* [Exercise requirements]:
Restate word for word the lines of the entries below, starting with the line that holds "Handmade Rave Outfit" and ending with the line that holds "dodge grand cara 2006 1d4gp24r46b633793", and no others.

[Stored data entries]
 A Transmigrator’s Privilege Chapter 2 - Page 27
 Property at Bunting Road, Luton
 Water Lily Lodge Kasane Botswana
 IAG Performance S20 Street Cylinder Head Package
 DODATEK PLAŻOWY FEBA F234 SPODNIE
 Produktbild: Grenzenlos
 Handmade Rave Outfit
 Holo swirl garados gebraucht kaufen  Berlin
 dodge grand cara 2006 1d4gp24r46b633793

---

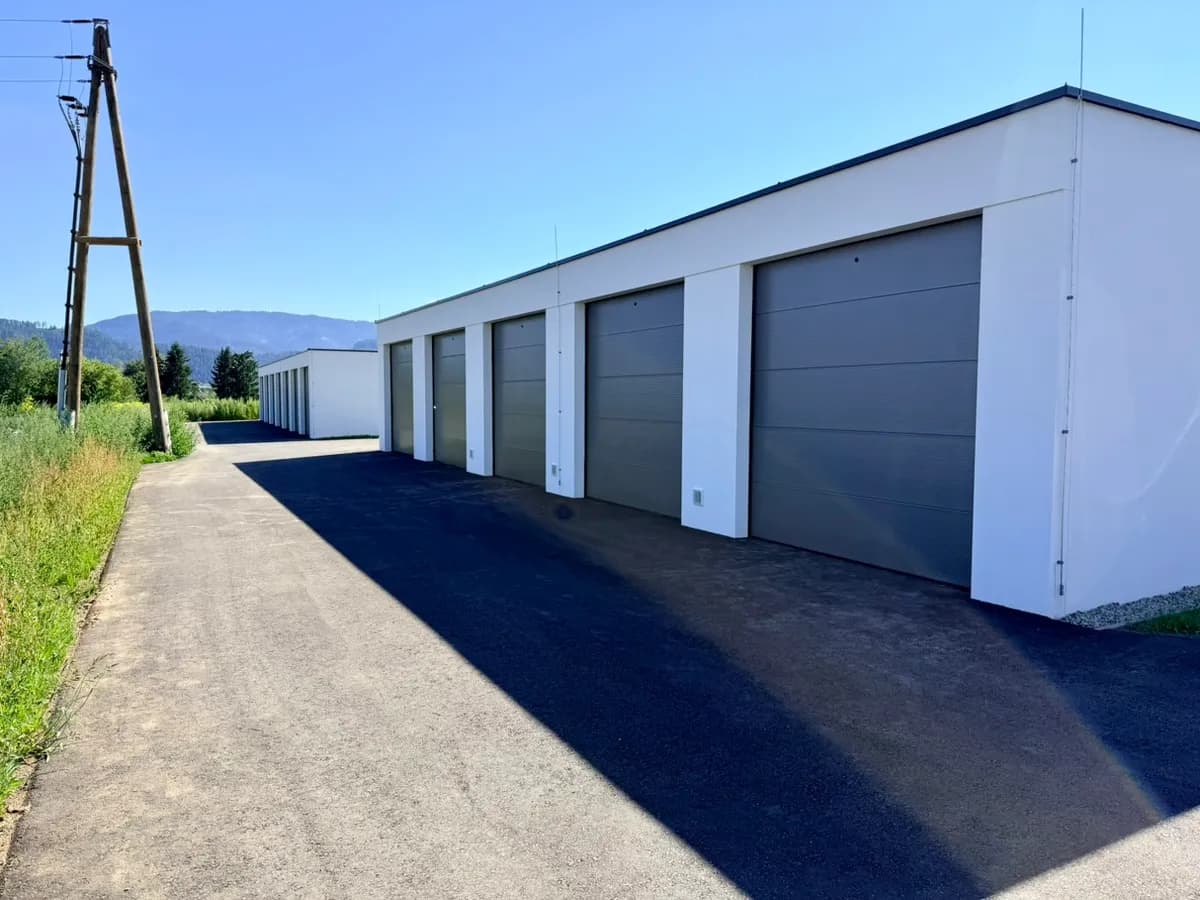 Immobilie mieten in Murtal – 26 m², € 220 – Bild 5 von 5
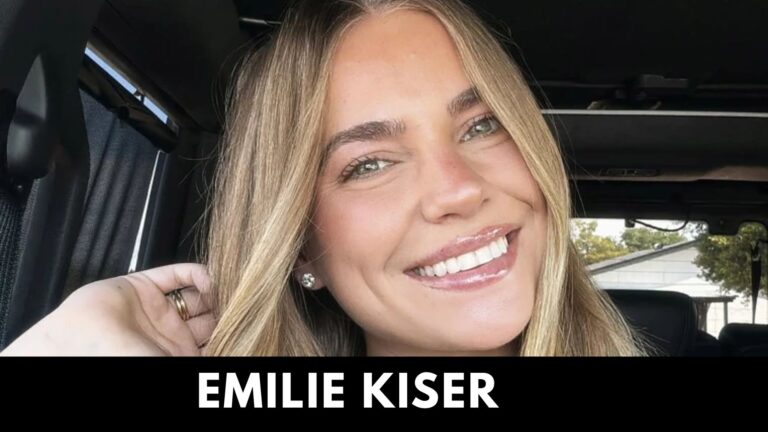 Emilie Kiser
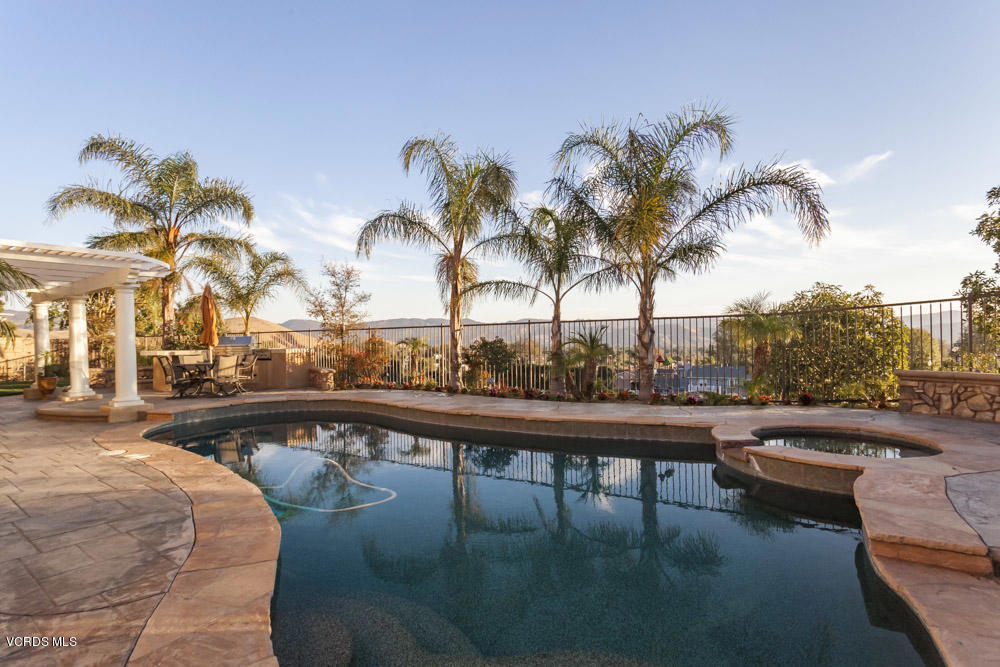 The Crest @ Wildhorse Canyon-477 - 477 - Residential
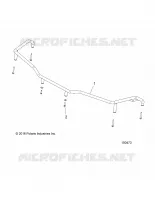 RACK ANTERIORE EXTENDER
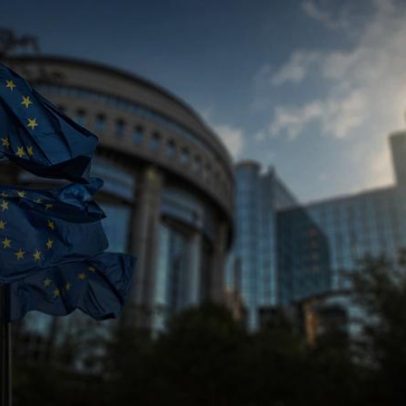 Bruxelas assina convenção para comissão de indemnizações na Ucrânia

* [Answer area]:
 Handmade Rave Outfit
 Holo swirl garados gebraucht kaufen  Berlin
 dodge grand cara 2006 1d4gp24r46b633793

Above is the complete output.